Que un proyecto político que se autocalifica de revolucionario se blinde por temor al pueblo es un mal síntoma. El pasado martes 27 de agosto la imagen de la Plaza Grande no difería de los típicos y reiterados episodios de la historia nacional. El déjà vu de la conflictividad social: filas de policías bien apertrechados impedían por la fuerza que una marcha de jóvenes accediera a uno de los espacios públicos por excelencia: el Palacio de Gobierno. Es decir, al sitio desde donde se ejecutan las políticas que nos afectan a todos como comunidad.
Eran los mismos jóvenes que, días atrás, en esa misma plaza, obligaron al Primer Mandatario a recluirse en la autocomplacencia para huir de los abucheos, de la alharaca ensordecedora, de los reclamos y acusaciones cuando anunció su decisión de explotar el Yasuní.
Que un Gobierno que se autodefine como de izquierda disponga aporrear a los jóvenes que expresan su descontento en las calles de Quito es un síntoma aún peor. Esa misma noche afloraron unas técnicas de represión inéditas en el país. Como comentó una de las manifestantes agredidas, la intención de la Policía no fue ni controlar ni reprimir a los manifestantes, sino sembrar miedo; interiorizar en la gente la alerta de la vigilancia y la punición; disciplinar a la sociedad mediante la inquisitorial forma de la advertencia .
Las admoniciones del Régimen no podrían ser más desproporcionadas y absurdas: el estudiante que ose pecar de indignación y rebeldía será expulsado del paraíso educativo. Es la innovadora versión verde flex de la represión.

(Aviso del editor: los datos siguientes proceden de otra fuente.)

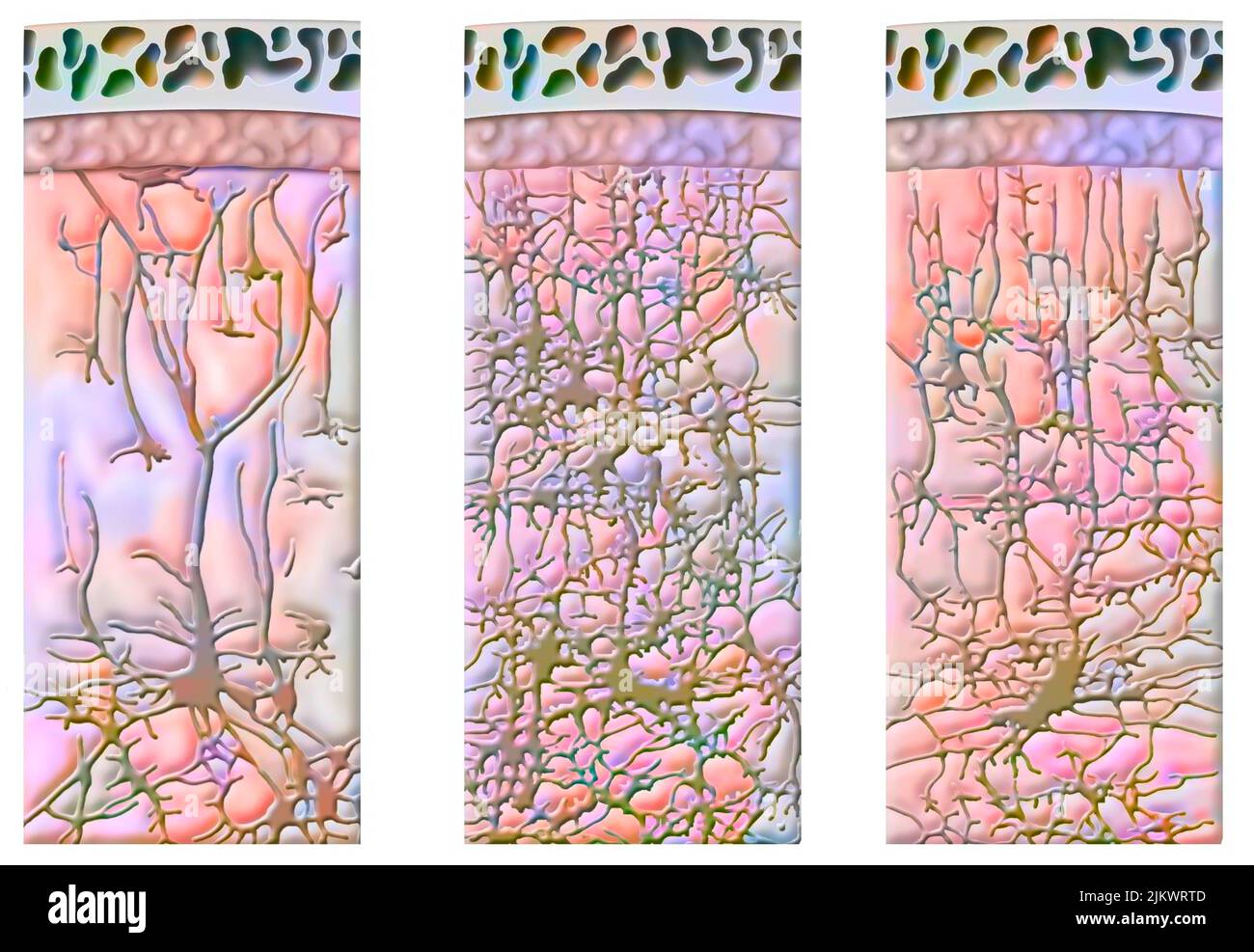 Development of the cell network of the cerebral cortex of a child at 9 months then 2 and 4 years old. Stock Photo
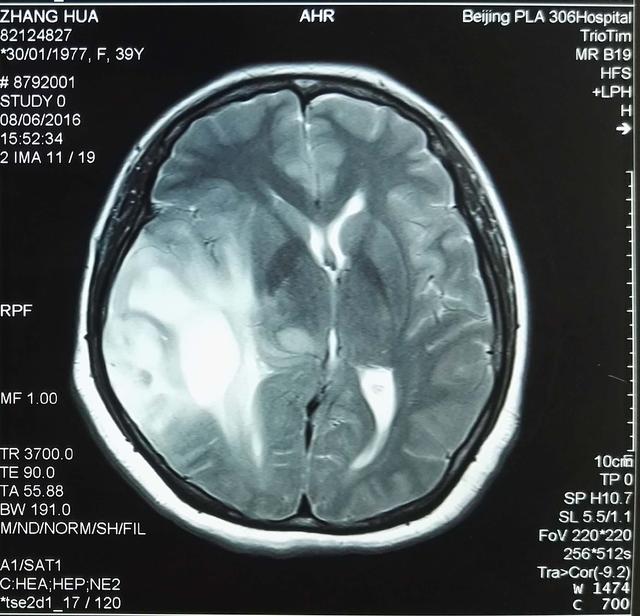 脑肿瘤ct图片解说图图片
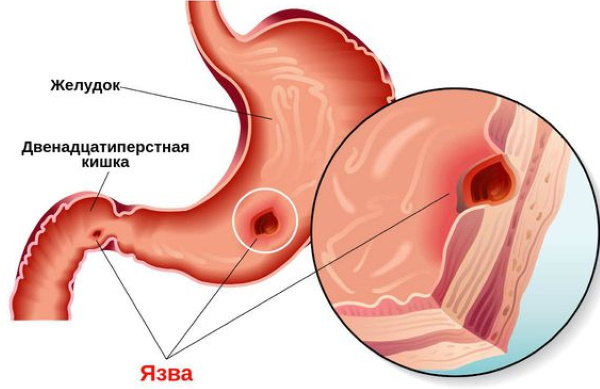 Дипроспан аналоги и заменители в ампулах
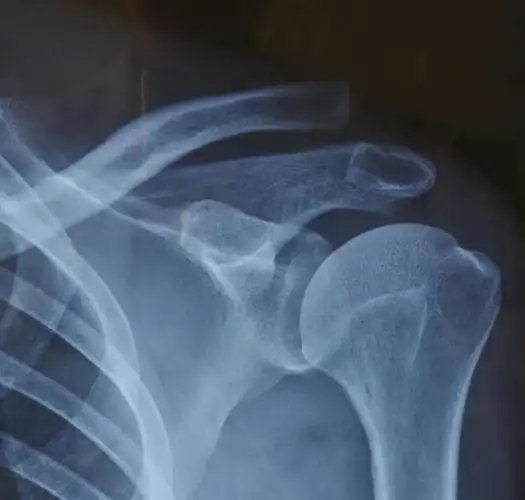 司法鉴定科学研究院对肩锁关节脱位人体损伤程度的法医临床鉴定案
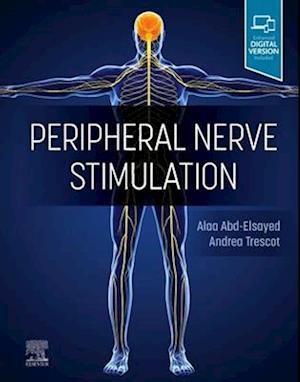 Peripheral Nerve Stimulation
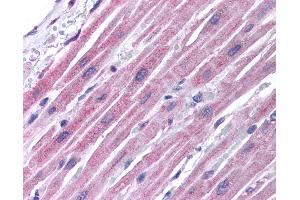 Anti-GJA5 / Connexin 40 antibody IHC of human heart. (Cx40/GJA5 抗体  (AA 86-135))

La estrategia autoritaria del Régimen está siendo apuntalada por un discurso represivo y reaccionario desde las altas esferas del oficialismo. No es sencillo descifrar cómo Alianza País podrá bajarse de semejante discurso, al que han añadido una alta dosis de cinismo. Ahora resulta que los grafitis constituyen un atentado criminal contra el Centro Histórico de la capital, y las refriegas entre estudiantes y policías un acto de violencia desbordada. Al parecer, algunos dirigentes del oficialismo están exorcizando sus inconsecuencias y flaquezas pasadas, cuando aplaudían las campañas de “pintas” y los enfrentamientos callejeros desde la comodidad de sus poltronas.
Mediante este ejercicio de dualidad arbitraria se pretende convencer de que es más violento grafitear paredes que impedir por la fuerza que una marcha pacífica llegue a la sede del poder político; que mofarse del poder es más violento que disparar al cuerpo balas de goma; que el jolgorio callejero es más violento que las cadenas ofensivas y denigrantes de la Senacom; que la irreverencia de un cantautor es más violenta que una andanada de calumnias difundida a los cuatro vientos con carácter oficial.